- _Required work_: Each line from the one holding "2011 Audi Q5 3.2 Premium Plus" to the last line of the listing must be set down exactly. No pictures are to be included.

- _Material for this task_:
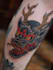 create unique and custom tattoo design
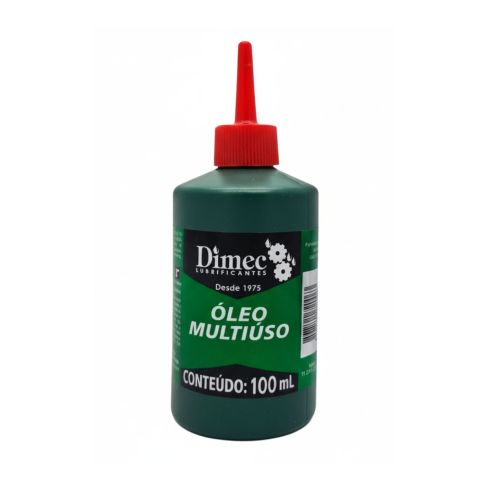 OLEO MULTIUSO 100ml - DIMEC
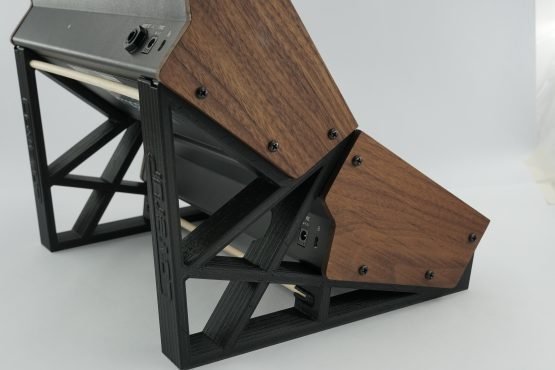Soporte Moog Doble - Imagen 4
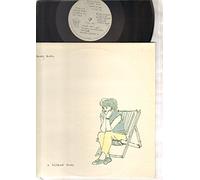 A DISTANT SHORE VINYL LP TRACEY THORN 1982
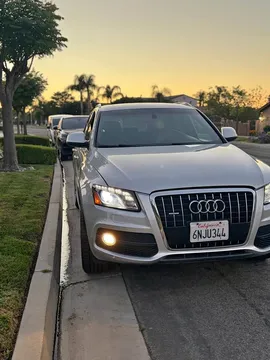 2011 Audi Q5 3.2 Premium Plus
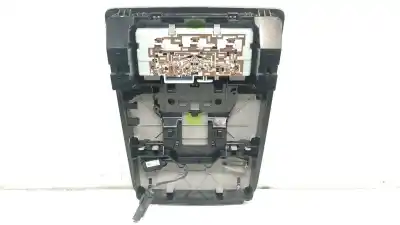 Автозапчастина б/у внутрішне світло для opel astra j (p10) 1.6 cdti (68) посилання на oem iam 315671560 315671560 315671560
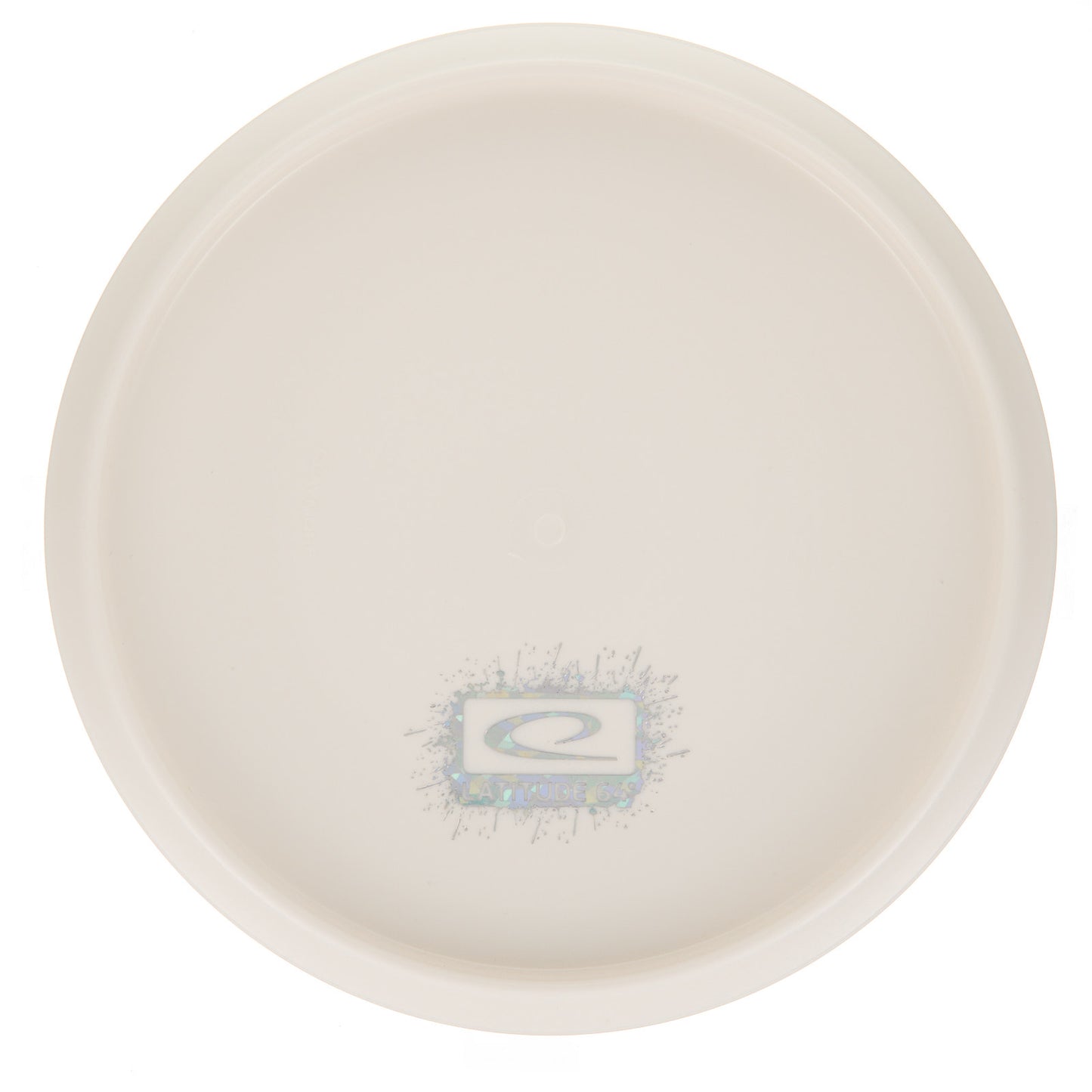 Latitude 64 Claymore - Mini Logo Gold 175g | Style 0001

- _Task result_:
 2011 Audi Q5 3.2 Premium Plus
 Автозапчастина б/у внутрішне світло для opel astra j (p10) 1.6 cdti (68) посилання на oem iam 315671560 315671560 315671560
 Latitude 64 Claymore - Mini Logo Gold 175g | Style 0001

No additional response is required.